The answer should hold only the lines from the one that contains "Sisters, one red and one black cow" through the last line of the material, repeated exactly, without pictures.

*** DATA TO USE Section Begins ***

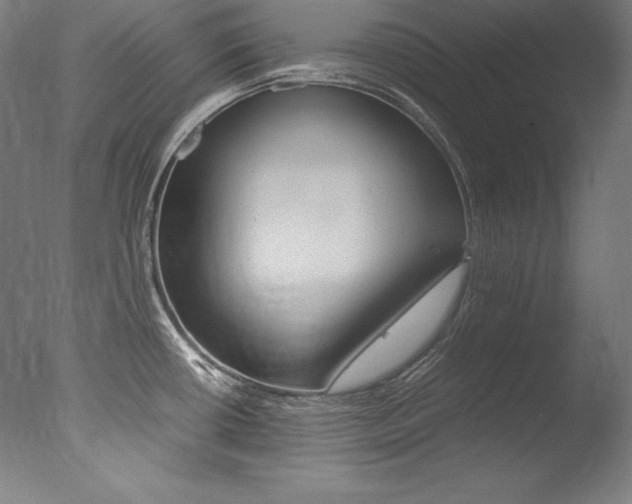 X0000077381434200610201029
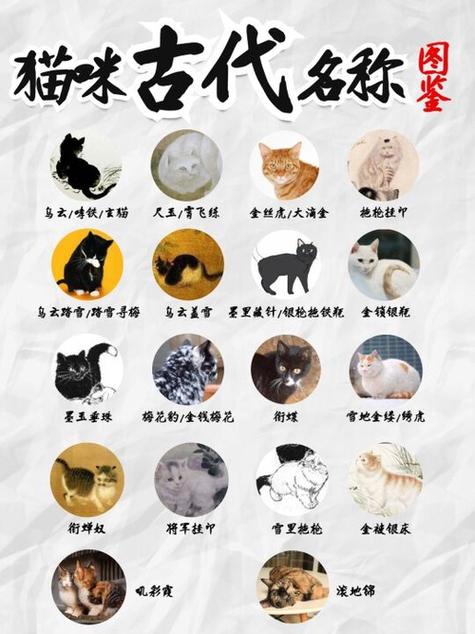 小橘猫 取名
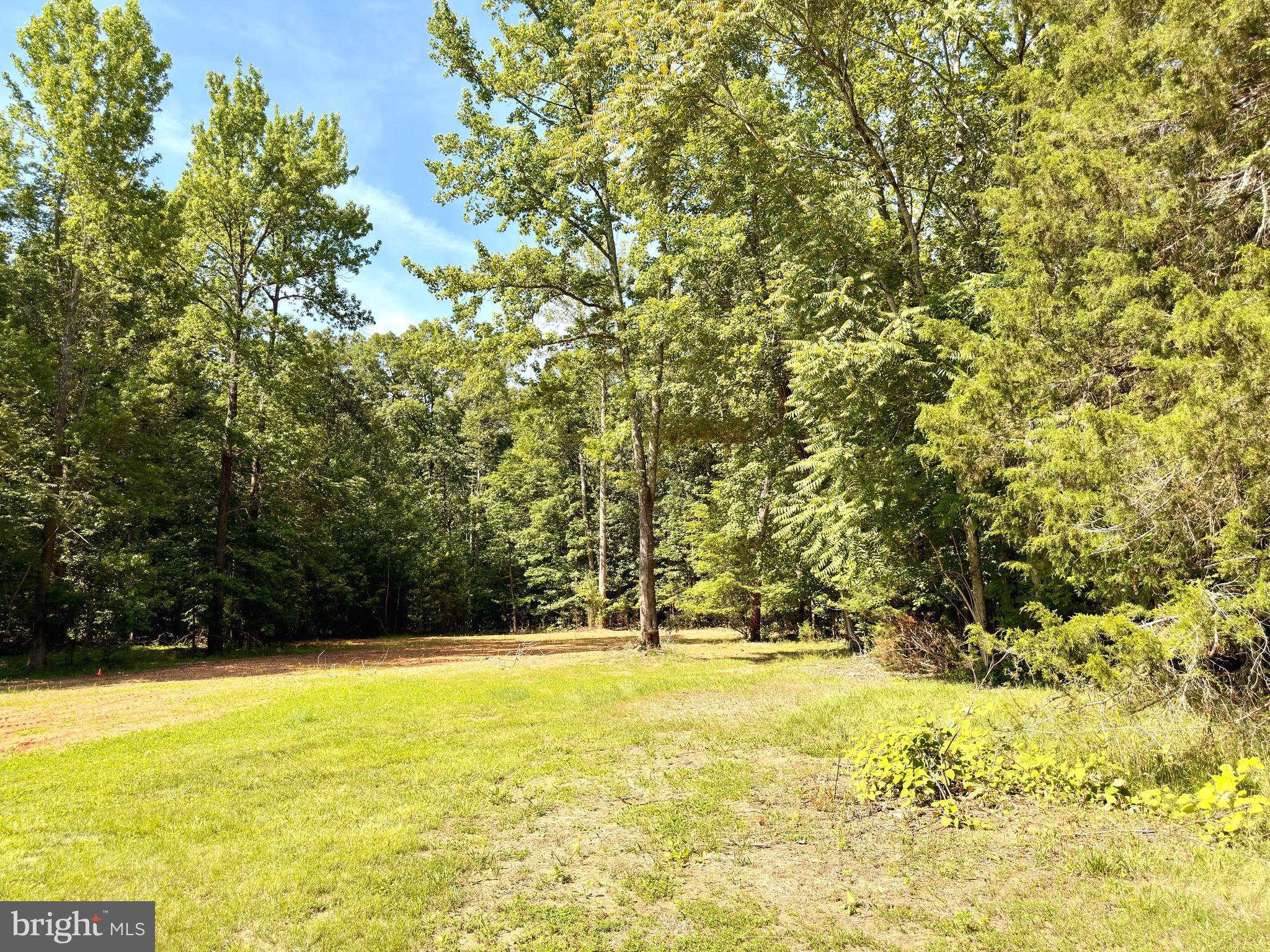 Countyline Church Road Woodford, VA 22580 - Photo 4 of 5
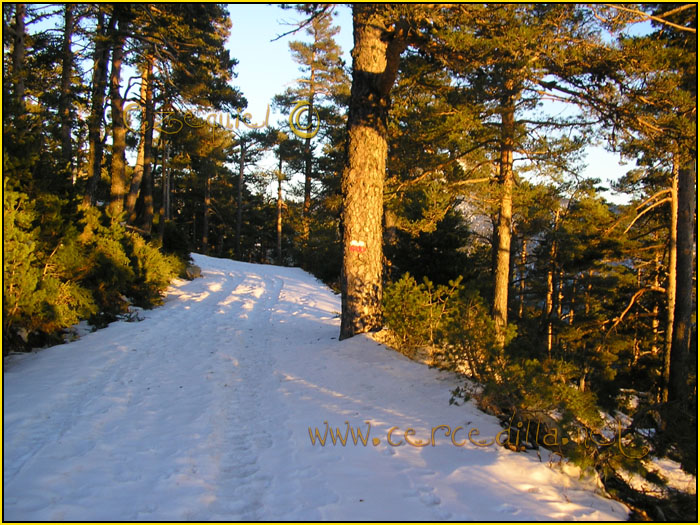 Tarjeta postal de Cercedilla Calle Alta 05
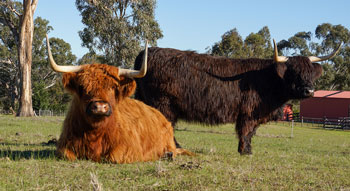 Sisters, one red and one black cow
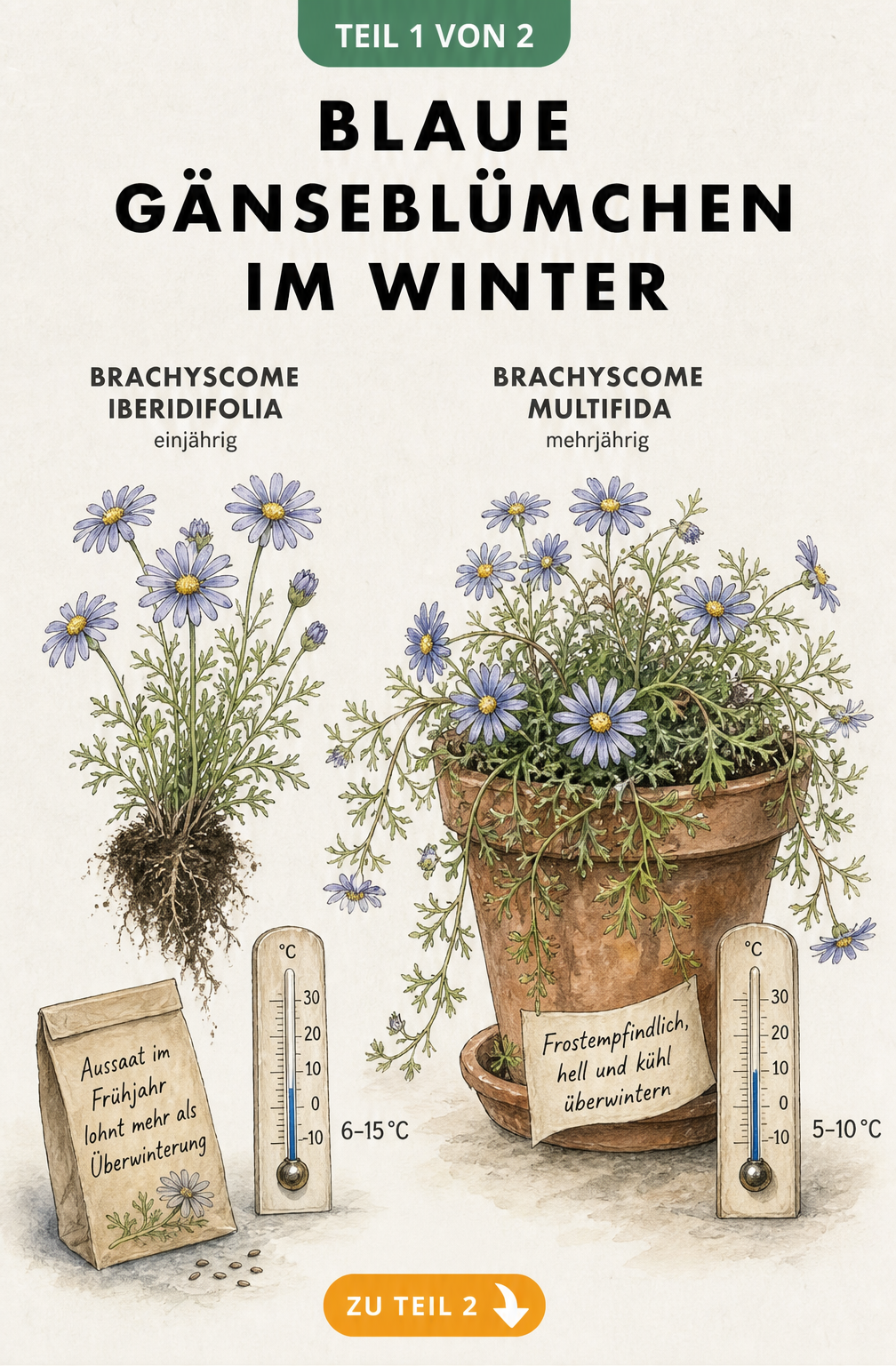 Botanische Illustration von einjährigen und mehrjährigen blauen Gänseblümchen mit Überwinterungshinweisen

*** DATA TO USE Section Ends ***

RESULT ▸
 Sisters, one red and one black cow
 Botanische Illustration von einjährigen und mehrjährigen blauen Gänseblümchen mit Überwinterungshinweisen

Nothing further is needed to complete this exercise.